В окончательном варианте фильма по сравнению с тем, что снималось в первый год, по части натуры и ее художественных решений было не так уж много изменений.

*Александр Боим: В окончательном варианте все реализовывалось уже не мной, а другими людьми и было доведено до необходимых кондиций самим Андреем. Но это можно было довести и вместе со мной. Я знал Андрея, его требования и характер достаточно хорошо и был готов делать все, что необходимо. Нужно было просто вразумительно объяснить, чего ты хочешь. Скорее всего, в то время Андрей сам не мог этого сделать.

На помощь Боиму со студии прислали художника-постановщика Сергея Петровича Воронкова, строившего декорации для «Андрея Рублева» и «Войны и мира». Решили, что он будет в Таллине заниматься декорацией «Застава ООН» для эпизода «Въезд в Зону».

Кроме первой электростанции и плотины, Боим должен был готовить и другие натурные декорации. Прежде всего, «Въезд в Зону» — берег реки Пирита возле железнодорожного моста, где нужно было снимать танки, пушки и бронетранспортеры. Их подготовку и съемку все время откладывали, потому что Тарковский торопил Боима и с другой очень важной и трудоемкой декорацией — водоподводным каналом (где в окончательном варианте фильма лежал в воде Сталкер, а к нему прибегала черная собака).

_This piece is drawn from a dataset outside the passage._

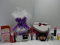 N Make Up Gift Set, Gift Box Gift Wrapped Gift Hamper For Her Free Foundation, Free Ring In Gift Box Included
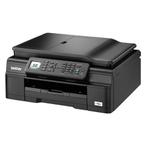 BROTHER - MFC-J470DW, Computers en Software, Printers, Ophalen, Gebruikt, Inkjetprinter, All-in-one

В первый год в канале была совсем иная декорация безо всякой собаки. Это был настоящий шедевр, придуманный Боимом и созданный его фантазией и усилиями с помощью декораторов и второго режиссера.

Длина декорации была метров сто. В полупересохшем канале, ведущем к зданию электростанции, мы построили из камней множество маленьких незаметных плотинок, перекрывающих воду так, что возникло ощущение сплошной водной поверхности. Мы замаскировали их травами, кустиками и железками. На дно канала в воду в строгом ритме, с одинаковыми интервалами, уложили в четыре ряда солдатские ранцы, на них скатки шинелей, сумки с противогазами и ржавые армейские каски. Во время съемки туда еще укладывали автоматы «Томпсон». Сквозь ранцы и скатки торчали проросшие растения и кусты. В конце канала, неподалеку от парапета валялась авиационная турбина. Все это было обложено мхами и лишайниками, а сверху над каналом декорация была накрыта маскировочными сетями с кусками полиэтилена, выкрашенного в коричневато-йодистый и желто-зеленый цвет. Четыре линии ранцев и касок создавали завораживающую ритмическую перспективу. Маскировка и сети отражались в воде, от чего возникало ощущение бесконечного призрачного коридора.

Когда Рерберг поставил в канал и над ним несколько дигов и включил их, вся группа замерла. В начале кадра все было укрыто густым туманом. Когда туман рассеивался, возникала общая картина, впечатление, что здесь некогда остановились сотни солдат, которые бесследно исчезли. Эта декорация была потрясающе красива какой-то невероятной, ужасающей красотой. Я никогда не видел ничего более мощного по силе воздействия. Сильнейший, бьющий под дых, абсолютно сюрреалистический образ. Мы снимали там два или три раза.